I happened to have a poop-shaped pinata sitting around (Why? Look, sometimes these things just happen) of the pull-the-flap-on-the-bottom variety rather than the smash-it-with-a-bat kind, so I decided to add a little fun to our day by filling Mr. Poop with school-related ideas written on strips of paper. Give Mr. Poop a shake and a scrap of paper flutters out–today’s idea was to design your own game, which the kids are working on now.

I’ve decided to incorporate the Cub Scout handbooks–which have lots of useful information about subjects like first aid, water safety, civics, history, etc.–into our rotation. (The Cub Scouts have a different handbook for 1st, 2nd, 3rd, and 4th graders.) Today we learned about knots–mostly square knots–complemented with The Camper’s Knot Tying Game. Knots are practical for anyone, but also good practice for kids with fine motor difficulties.

Over in Professor Astro Cat, we’re collecting space dust, keeping a moon journal (the eclipse was well-timed for this) and made impact craters in the sandbox. The book recommends spreading out newspaper indoors and using flour or cocoa powder, but sand, outside, is much easier to clean up. (Walmart sells beautiful colored sand for like $4 a bag. I sprinkled some green on top of the regular brown sandbox sand to simulate Earth’s surface.)

Custom Dice

There are lots of interesting dice–math dice, fraction dice, letter dice, place value dice, etc. Customized dice are easy to make: just take a cube (you probably have a building block or letter cube or some Legos lying around,) cover it with paper, and write whatever you want on the faces. (Note it is probably best to write on the paper before applying tape, as many pens won’t write properly on tape.) I have a custom die with +,-, <, and division signs on it that I use along with custom “numbers larger than six” dice for math games. (“Looks like you rolled 5,000,000,000 divided by 7,000!”) (For smaller kids, you may want to stick to + and -.)
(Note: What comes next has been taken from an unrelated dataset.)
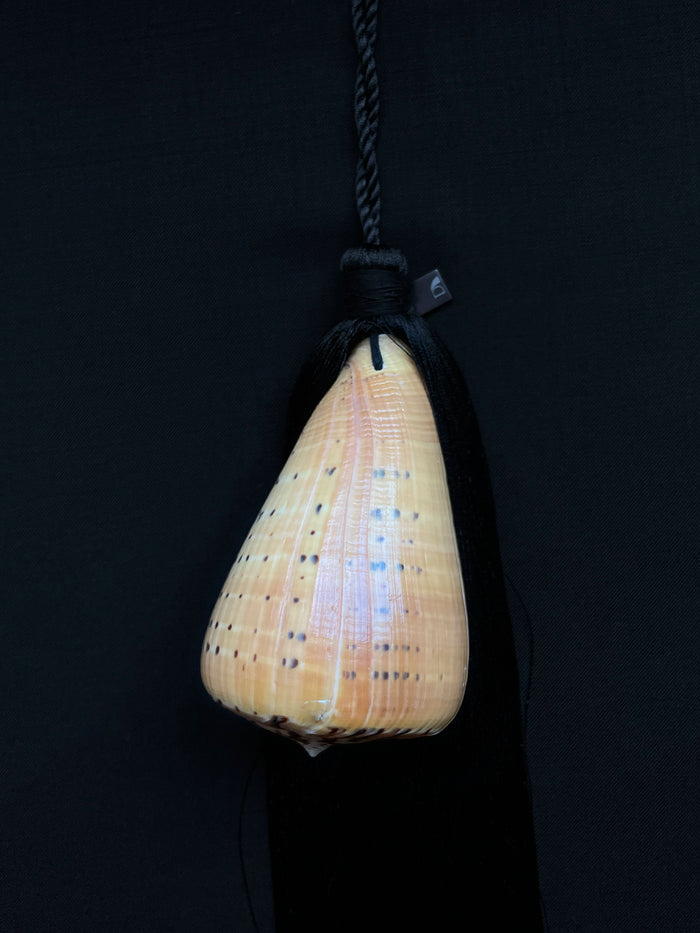 Dezso By Sara Beltran Champagne Conus Tassel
I’m still trying to work out good ways to teach history. I’ve got some rudimentary ideas, but I’ll save them for later.

Everything I’ve Read about Food, Summed up in One Graph:

A few years ago I went through a nutrition kick and read about a dozen books about food. Today I came across a graph that perfectly represents what I learned:

Basically, everything will kill you.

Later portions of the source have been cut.